“With Love” by Tia McGraff

Celebrity, Music, News

With Love is the latest music release from an artist who does so much more. Canadian-born Tia McGraff isn’t a songwriter or singer alone, but an author of children’s literature as well. There is a lot of wide-eyed sense of wonder pervading these songs, both musically and lyrically, but it’s never childish. Those qualities are, instead, reflected in the wide breadth of melodic imagination on display during this EP. There are constants heard throughout the songs, dramatic arrangements, sparkling wordplay, and emotive vocals, but no one comes away from With Love unimpressed by McGraff’s ability to present those qualities and more in a new light virtually every time out.
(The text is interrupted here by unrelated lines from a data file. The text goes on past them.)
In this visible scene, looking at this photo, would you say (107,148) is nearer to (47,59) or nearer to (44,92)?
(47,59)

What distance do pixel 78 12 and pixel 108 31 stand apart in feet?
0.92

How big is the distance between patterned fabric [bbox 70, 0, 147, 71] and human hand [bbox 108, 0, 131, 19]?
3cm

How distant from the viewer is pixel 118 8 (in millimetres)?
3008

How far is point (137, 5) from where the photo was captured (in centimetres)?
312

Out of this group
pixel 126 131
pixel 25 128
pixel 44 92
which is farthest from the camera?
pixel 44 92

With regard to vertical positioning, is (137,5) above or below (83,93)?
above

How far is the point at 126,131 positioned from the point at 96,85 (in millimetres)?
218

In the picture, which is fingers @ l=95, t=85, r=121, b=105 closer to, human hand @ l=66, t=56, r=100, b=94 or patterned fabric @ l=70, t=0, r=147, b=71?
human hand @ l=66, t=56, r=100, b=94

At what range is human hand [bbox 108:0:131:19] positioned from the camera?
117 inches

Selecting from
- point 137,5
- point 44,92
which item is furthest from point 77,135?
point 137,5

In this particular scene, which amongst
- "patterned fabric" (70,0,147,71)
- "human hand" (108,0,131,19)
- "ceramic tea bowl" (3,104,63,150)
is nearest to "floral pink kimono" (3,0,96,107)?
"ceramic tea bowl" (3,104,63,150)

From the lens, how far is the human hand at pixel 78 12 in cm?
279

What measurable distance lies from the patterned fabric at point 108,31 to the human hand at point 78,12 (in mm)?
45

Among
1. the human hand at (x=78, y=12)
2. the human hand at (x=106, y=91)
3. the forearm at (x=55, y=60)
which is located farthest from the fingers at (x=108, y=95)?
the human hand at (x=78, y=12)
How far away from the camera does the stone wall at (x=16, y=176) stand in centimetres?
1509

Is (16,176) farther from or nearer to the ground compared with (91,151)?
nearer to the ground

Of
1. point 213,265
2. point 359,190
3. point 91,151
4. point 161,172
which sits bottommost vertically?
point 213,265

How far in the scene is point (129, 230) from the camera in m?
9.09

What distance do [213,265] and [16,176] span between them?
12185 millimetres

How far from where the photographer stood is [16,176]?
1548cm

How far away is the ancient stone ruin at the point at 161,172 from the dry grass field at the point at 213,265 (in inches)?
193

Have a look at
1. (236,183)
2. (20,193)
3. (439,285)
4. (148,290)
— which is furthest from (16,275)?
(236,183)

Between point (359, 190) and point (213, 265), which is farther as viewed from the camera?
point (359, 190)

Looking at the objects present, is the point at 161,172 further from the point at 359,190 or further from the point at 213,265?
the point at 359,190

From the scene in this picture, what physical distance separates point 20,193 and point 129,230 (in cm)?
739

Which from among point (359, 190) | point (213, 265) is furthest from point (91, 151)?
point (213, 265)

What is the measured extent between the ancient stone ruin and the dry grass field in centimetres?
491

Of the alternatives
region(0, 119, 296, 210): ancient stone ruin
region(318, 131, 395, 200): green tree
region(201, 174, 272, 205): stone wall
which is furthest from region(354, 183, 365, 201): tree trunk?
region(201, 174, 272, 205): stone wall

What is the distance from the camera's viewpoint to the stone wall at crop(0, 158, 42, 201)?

Each of the release’s seven songs has obvious freshness from the first. Leading off with its title song is a statement of purpose to some listeners and that’s true, for sure, but Tia has crafted a cohesive overall work rather than a hodgepodge of songs. Few releases you’ll hear in recent history, particularly so-called DIY or indie efforts, will match the production quality McGraff gets for an acoustic guitar. Banjo receives the same warm and full-bodied treatment throughout the EP when used, but the care in the recording doesn’t stop there.

The brief seven song duration of the EP condenses Tia’s songwriting power. Many listeners will argue that aren’t many songs in her repertoire that better illustrate her songwriting skill at or near full bloom than “Clockwork”. It’s a supremely well-built rootsy vehicle for a showstopper McGraff vocal and an arranging tour de force in miniature. Her dexterity as a performer is highlighted by how she pivots from this song into the rock drumming of “Go Your Own Way”. The percussion isn’t front and center during the entire song and it helps accentuate its punchy effects.
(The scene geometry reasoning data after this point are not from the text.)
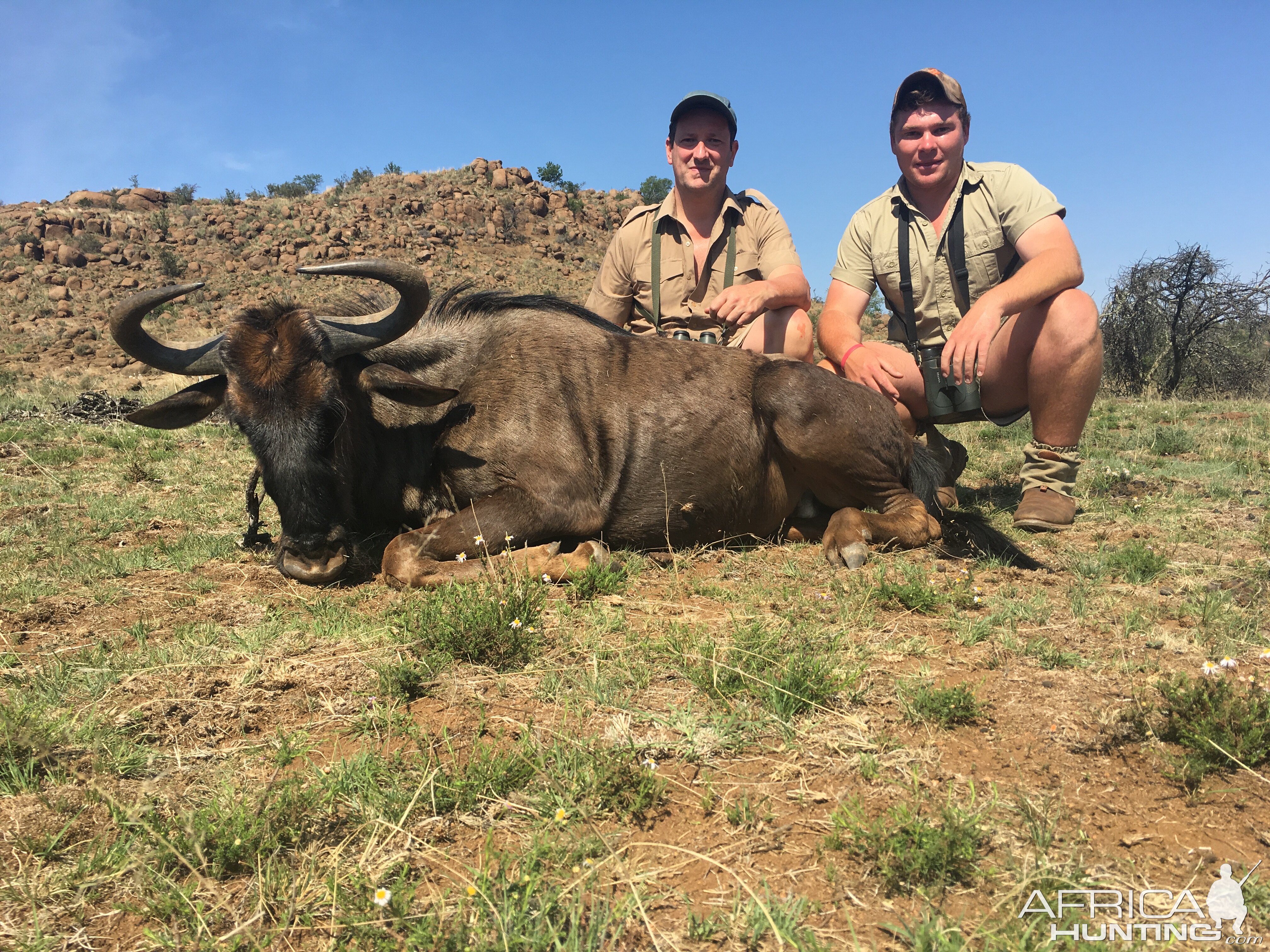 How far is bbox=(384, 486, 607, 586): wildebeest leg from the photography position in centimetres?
405

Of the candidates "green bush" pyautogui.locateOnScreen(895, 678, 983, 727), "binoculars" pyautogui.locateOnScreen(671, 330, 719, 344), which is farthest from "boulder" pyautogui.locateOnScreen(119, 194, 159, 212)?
"green bush" pyautogui.locateOnScreen(895, 678, 983, 727)

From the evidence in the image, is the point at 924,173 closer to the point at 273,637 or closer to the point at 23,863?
the point at 273,637

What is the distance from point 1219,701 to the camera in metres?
2.38

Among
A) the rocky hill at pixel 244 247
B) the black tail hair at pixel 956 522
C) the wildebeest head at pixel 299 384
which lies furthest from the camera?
the rocky hill at pixel 244 247

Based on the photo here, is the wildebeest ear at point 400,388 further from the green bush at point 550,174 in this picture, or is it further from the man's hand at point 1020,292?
the green bush at point 550,174

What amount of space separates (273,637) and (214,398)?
178cm

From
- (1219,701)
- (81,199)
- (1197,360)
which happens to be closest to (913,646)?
(1219,701)

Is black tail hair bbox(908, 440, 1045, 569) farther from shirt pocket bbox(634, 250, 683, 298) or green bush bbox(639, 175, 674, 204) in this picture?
green bush bbox(639, 175, 674, 204)

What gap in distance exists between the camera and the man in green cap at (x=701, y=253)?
→ 6.91m

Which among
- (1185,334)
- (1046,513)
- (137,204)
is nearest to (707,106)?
(1046,513)

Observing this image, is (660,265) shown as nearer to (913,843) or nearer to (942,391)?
(942,391)

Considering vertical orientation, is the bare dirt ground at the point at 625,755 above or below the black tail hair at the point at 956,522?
below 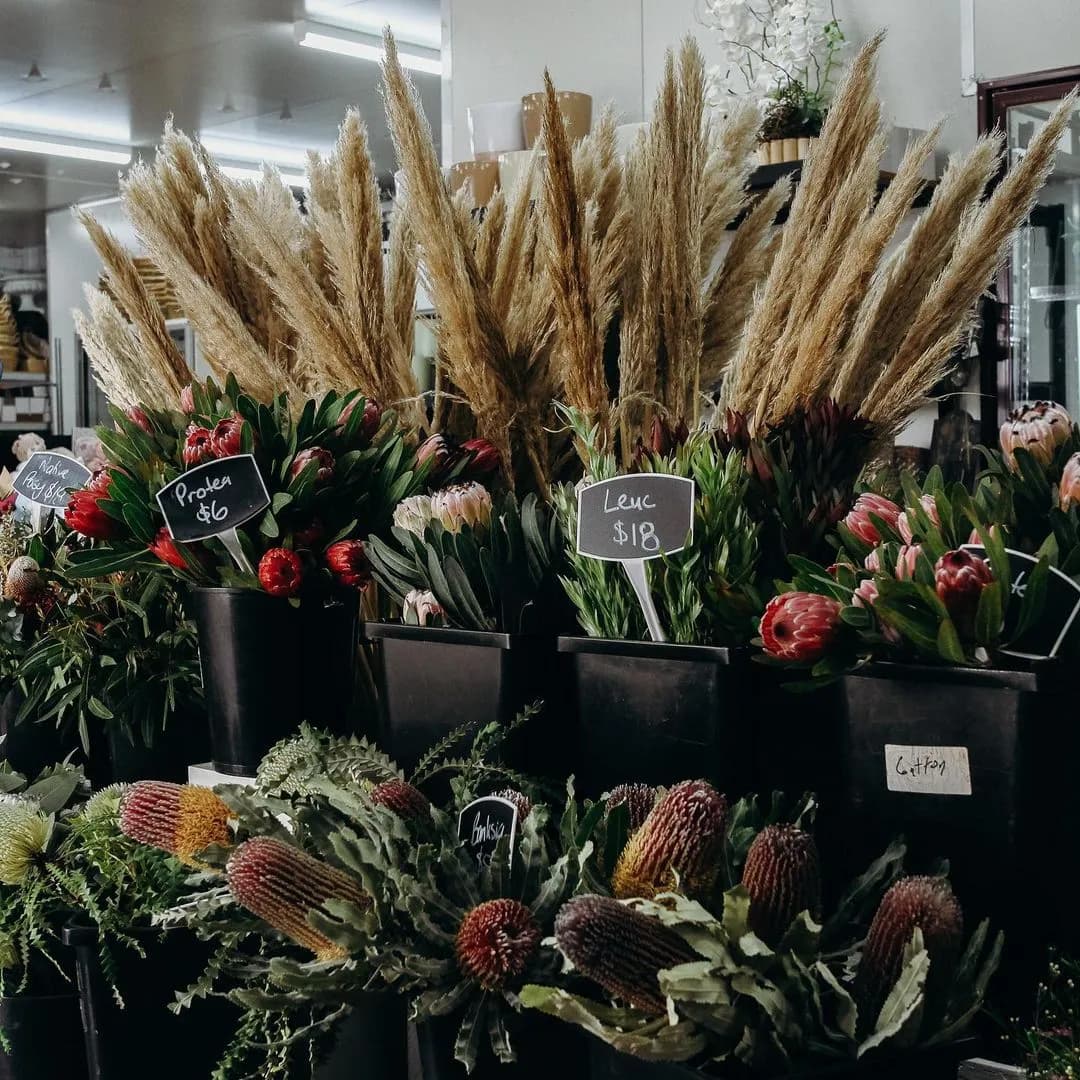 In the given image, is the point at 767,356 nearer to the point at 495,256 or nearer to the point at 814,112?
the point at 495,256

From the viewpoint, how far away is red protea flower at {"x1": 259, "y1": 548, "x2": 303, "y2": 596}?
957mm

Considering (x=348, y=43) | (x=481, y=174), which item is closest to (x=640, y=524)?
(x=481, y=174)

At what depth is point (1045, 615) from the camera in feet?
2.14

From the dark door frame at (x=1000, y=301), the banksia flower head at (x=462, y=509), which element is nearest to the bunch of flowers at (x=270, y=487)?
the banksia flower head at (x=462, y=509)

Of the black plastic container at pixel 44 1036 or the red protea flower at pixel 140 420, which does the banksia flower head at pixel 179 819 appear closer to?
the black plastic container at pixel 44 1036

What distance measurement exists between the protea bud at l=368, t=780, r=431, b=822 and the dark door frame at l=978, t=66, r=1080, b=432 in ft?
8.04

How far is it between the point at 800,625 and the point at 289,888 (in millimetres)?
289

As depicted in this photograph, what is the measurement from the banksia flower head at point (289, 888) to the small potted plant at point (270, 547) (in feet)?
0.93

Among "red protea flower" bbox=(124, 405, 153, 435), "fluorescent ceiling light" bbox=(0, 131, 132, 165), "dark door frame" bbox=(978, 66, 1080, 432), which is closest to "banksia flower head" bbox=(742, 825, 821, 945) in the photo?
"red protea flower" bbox=(124, 405, 153, 435)

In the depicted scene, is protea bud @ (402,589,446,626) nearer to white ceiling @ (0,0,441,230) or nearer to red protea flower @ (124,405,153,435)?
red protea flower @ (124,405,153,435)

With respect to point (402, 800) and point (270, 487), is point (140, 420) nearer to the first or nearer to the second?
point (270, 487)

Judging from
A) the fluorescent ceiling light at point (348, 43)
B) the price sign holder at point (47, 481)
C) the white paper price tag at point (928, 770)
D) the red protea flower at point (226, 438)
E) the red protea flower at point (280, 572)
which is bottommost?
the white paper price tag at point (928, 770)

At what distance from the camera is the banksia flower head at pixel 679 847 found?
65cm

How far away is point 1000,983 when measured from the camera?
653mm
The guitar opening “Organic” has a propulsive edge that McGraff’s song holds onto for the remainder of the performance. She isn’t afraid to break out into a fast pace but what many listeners will enjoy about her, whether they realize it or not, is that her songs generate energy even when the tempos remain relatively sedate. “Sometimes Love’s Like That” is an excellent example of that, as well, as how she alternates that aspect of her songwriting to often memorable effect.  This is, however, arguably the most “conventional” lyric on the EP, at least for how McGraff has latched onto a memorable phrase to build her song around.

“Night Hawk” has a title implying a bit of a more purist direction and the song doesn’t disappoint. McGraff can’t and doesn’t bother trying to claim she is the first musician in recent memory to turn rootsy instruments, especially bluegrass stalwarts such as banjo, to work in traditional pop structures. She does it better than most though and with more than moments of real poetry.
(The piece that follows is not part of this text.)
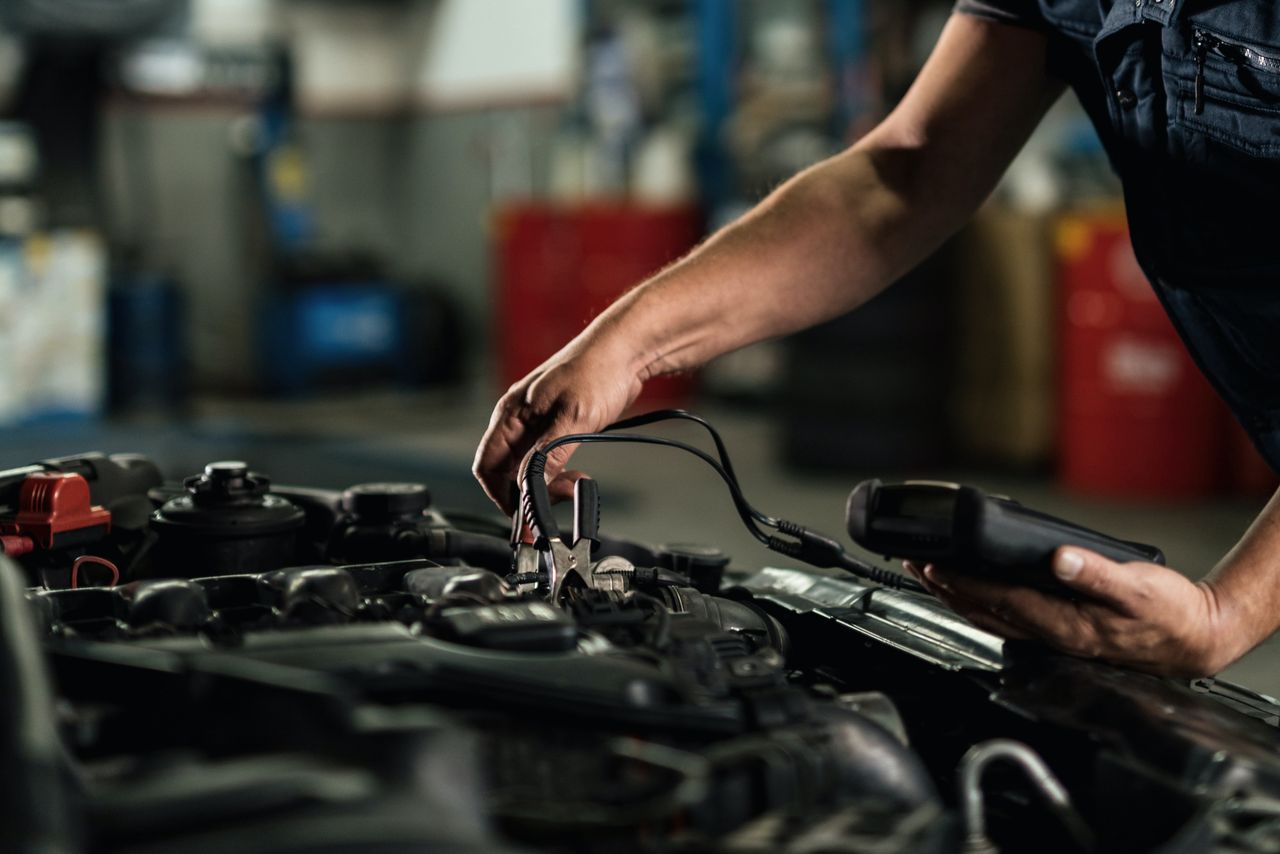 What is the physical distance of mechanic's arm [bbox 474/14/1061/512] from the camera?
1.48 metres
There’s a deceptive simplicity in the way she ends the EP with “Change A-Comin’”, but there’s humility as well. You hear the humbleness in the way she plays down the enormous ambitions in the final song’s words and how she places the good of all over her benefit in the final song on an EP that bears her name. It’s firmly in keeping with who she is as an individual, artist, and whom she will always remain.